Most of the children stayed at the school an hour and a half, but Jonah would spend four and five hours at reading and prayer. Often when he left the school the winter night would have closed in and the teacher watched the boy as he started home over the creaking snow, his head high, while in the cold stillness the hoarse whistle of tugboats sounded from the river. Or, if it was spring, it usually would be dusk when Julius set out for home, past the trees in the little park across the way, in their light new leaves, while the old tenements in the next block seemed mysterious, the tracery of fire-escapes and iron-work window balconies taking on a new character. And the teacher, following with his eyes the lone figure of the boy trudging happily homeward, worried. Like others in the school, he taught religion as meaning service on earth–and he was aware that Jonah was seeking an answer without which the brutalities and indignities of tenement life made no sense.
“I can see his face before me as I taught the Prophets, drink in all I said. Isaiah and Jeremiah were my favorites. But when I taught the Prophets it was not just to speak of what happened 2,000 years ago but what was happening around us. A strike was in progress at Ohrbach’s. I spoke of it in connection with a chapter in Isaiah. I saw Julie’s eyes glowing. That boy Jonah, as we called him, took it literally. He believed.”

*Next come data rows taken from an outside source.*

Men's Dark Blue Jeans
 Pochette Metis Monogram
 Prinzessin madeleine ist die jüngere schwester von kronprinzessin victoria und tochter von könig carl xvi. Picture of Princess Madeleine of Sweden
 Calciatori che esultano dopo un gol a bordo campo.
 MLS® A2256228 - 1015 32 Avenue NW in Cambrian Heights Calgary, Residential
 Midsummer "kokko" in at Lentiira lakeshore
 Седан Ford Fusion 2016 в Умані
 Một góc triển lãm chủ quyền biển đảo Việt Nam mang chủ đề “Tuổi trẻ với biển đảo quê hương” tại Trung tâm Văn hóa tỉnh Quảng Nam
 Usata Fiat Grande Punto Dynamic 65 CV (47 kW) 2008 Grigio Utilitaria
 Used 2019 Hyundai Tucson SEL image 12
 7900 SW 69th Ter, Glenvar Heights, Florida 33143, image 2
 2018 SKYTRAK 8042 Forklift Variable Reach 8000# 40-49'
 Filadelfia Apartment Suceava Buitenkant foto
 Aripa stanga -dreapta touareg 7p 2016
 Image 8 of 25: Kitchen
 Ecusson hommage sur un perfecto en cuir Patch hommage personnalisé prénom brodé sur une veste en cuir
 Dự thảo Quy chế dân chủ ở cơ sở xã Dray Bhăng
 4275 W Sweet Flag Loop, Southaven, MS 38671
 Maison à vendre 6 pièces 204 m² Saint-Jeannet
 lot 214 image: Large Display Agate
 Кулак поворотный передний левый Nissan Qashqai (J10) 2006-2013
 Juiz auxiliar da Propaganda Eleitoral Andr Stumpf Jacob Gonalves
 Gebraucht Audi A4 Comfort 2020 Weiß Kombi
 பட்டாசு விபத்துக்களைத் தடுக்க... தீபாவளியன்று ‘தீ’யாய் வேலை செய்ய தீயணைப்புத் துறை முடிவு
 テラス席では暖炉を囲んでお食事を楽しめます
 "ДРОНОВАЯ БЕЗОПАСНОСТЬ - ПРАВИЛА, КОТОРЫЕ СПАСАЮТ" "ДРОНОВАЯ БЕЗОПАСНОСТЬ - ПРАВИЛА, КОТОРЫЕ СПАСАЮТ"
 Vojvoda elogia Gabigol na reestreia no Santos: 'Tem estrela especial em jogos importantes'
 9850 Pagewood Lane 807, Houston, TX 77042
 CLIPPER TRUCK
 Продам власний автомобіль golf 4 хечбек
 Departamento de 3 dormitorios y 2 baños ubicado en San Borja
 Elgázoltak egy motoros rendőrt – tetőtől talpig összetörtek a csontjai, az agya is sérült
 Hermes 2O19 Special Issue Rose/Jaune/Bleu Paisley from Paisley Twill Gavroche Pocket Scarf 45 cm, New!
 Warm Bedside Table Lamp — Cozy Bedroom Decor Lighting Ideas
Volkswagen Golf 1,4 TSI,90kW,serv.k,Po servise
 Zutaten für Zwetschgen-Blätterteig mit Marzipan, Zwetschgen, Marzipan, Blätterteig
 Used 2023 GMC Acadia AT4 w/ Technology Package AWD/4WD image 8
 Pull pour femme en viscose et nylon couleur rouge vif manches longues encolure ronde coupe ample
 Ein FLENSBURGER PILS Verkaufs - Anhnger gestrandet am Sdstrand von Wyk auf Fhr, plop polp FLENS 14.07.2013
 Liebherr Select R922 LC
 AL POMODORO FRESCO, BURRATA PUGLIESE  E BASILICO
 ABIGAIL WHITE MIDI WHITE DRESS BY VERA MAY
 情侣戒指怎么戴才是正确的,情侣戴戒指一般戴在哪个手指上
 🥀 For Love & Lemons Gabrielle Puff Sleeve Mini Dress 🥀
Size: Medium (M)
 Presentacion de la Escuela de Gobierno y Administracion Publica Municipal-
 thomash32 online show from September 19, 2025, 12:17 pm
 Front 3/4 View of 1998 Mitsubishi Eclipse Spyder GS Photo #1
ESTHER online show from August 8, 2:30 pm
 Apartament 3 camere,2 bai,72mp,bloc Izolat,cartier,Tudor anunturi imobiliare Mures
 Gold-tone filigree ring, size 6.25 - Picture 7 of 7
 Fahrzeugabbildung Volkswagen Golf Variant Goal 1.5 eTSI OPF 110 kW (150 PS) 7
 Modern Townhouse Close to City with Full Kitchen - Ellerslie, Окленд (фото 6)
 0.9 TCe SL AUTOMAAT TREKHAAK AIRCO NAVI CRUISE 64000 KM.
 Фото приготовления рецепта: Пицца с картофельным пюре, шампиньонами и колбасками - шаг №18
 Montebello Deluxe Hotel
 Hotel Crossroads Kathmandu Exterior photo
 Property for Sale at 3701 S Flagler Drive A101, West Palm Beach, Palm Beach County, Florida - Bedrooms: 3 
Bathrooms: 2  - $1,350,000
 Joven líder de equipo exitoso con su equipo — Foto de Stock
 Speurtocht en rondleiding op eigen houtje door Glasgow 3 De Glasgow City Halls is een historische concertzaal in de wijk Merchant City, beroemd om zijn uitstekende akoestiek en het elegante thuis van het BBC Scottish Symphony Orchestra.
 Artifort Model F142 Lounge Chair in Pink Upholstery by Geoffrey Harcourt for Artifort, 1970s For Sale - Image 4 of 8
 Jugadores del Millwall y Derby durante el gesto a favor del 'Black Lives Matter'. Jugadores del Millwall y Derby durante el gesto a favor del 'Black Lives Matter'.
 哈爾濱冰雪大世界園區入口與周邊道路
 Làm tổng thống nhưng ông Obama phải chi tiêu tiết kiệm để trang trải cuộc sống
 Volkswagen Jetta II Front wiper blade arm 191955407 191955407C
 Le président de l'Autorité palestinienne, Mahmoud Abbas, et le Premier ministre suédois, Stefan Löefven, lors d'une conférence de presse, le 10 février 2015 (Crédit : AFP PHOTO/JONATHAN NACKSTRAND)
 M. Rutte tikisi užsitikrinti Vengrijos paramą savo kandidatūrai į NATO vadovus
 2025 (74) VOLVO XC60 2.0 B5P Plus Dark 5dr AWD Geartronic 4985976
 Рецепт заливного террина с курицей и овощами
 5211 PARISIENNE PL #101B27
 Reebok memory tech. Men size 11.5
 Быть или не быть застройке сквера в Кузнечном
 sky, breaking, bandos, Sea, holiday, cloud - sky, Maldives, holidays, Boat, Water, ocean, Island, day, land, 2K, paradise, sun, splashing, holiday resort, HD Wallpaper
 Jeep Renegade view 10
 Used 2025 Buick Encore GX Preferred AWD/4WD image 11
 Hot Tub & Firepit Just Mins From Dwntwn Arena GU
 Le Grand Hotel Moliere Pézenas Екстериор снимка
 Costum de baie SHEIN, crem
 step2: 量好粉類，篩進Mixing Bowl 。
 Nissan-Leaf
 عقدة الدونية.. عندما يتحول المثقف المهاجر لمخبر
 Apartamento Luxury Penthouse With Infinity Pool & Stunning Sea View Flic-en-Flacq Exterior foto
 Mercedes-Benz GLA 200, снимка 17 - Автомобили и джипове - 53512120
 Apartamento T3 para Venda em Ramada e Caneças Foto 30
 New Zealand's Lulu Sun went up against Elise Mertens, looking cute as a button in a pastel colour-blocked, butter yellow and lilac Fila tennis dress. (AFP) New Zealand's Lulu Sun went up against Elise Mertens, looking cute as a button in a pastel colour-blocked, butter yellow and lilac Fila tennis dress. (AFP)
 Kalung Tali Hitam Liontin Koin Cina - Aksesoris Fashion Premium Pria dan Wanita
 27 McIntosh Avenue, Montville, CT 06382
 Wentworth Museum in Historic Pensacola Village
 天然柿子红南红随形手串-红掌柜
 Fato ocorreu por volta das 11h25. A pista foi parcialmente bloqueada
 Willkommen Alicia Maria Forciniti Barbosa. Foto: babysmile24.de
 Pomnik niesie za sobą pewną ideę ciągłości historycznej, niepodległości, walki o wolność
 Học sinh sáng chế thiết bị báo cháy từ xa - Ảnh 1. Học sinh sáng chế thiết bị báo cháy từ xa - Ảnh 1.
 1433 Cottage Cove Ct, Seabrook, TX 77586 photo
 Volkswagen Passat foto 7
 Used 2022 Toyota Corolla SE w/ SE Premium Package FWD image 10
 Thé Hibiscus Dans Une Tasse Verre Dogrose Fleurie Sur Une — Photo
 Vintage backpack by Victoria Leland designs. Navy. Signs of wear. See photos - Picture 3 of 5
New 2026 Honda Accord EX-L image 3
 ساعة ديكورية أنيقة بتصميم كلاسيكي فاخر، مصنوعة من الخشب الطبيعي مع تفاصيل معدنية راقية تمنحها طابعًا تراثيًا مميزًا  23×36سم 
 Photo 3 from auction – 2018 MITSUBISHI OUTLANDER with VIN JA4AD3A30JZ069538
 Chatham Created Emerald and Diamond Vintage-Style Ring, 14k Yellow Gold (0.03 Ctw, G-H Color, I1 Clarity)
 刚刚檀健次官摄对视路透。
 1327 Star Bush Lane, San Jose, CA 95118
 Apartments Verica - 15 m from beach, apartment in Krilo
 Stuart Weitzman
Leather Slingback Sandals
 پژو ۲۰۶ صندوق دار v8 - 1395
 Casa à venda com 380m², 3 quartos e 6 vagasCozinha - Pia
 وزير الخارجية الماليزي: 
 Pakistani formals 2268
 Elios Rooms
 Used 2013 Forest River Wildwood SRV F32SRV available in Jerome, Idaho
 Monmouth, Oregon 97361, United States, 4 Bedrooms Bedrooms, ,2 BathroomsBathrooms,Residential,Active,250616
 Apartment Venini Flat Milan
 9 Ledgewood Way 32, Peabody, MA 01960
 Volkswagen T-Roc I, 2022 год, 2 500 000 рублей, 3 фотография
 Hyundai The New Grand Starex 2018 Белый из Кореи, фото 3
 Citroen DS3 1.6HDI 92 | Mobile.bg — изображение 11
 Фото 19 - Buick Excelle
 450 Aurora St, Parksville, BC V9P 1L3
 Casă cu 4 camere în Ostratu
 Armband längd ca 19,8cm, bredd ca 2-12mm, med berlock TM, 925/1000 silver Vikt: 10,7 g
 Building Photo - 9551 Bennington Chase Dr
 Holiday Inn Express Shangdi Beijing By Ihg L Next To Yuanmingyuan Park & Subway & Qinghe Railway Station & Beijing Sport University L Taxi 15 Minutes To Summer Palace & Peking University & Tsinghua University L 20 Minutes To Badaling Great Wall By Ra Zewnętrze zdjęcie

“But how did you use the strike at Ohrbach’s?” I asked.
“I said, ‘Orbach is sitting in the temple now, but who wants his contributions? Let him pay his workers a living wage, then his contributions will be welcome.’ You see, I always stressed the theme of service–and that to serve was the greatest joy in life. Well, the boy Jonah believed it.”
The former teacher, who confided that he never had found satisfaction since he left off teaching because of a physical disability, placed sincerity above formal erudition. Like other teachers at the Downtown Talmud Torah, he took as his guide the saying in the Talmud, “Words which come from the heart penetrate the heart.”
He tried to explain why he felt such concern for the boy Jonah along the way. He was an especially unworldly, sensitive boy. It was not that what he had taught was untrue–it was true, but the teacher knew the world, and he feared the results for children who went out in the world without any armor of self-protection. Julius responded “so whole-heartedly” that it indicated the schoolboy in those adolescent years was “too gullible, too sincere.”
It had been suggested, I said, that as a man Julius Rosenberg was gullible in a business sense–in letting David Greenglass stay on in his shop when he had proved himself incompetent.
The former teacher’s reply came swiftly: “That David, we did not think much of him here. I am convinced–and I have told this to others–that Julius could never have obtained any information from David, because David was incapable of giving any.”
Ethel Greenglass also had been a pupil. He even thought her “more able, brighter” than Julius, but “to her it was just education in Hebrew.” With Jonah, it was something far different.
“At times I’ve blamed myself. Yes, for all this was leading up to the unfortunate thing that overtook him–to me it was much more than unfortunate, it was a tragedy,” he said huskily. “And so I have blamed myself. I can never forget that boy. If there is any accusation against him, any guilt–it is that he was guilty of one thing, he was guilty of sincerity.”
Without mentioning the words “electric chair,” he alluded to what befell his prize pupil. “I can’t bear to think of it–and for that boy.” His vibrant voice was now little more than a whisper. It was clear that he saw, not the man Julius, but the boy Jonah, in that chair.
I left him there, his figure looming large behind his desk–a man haunted by the memory of a sensitive youth fired by the Prophets’ denunciation of oppression and greed, a youth whose heart indeed had been penetrated by the teacher’s words which came “from the heart.”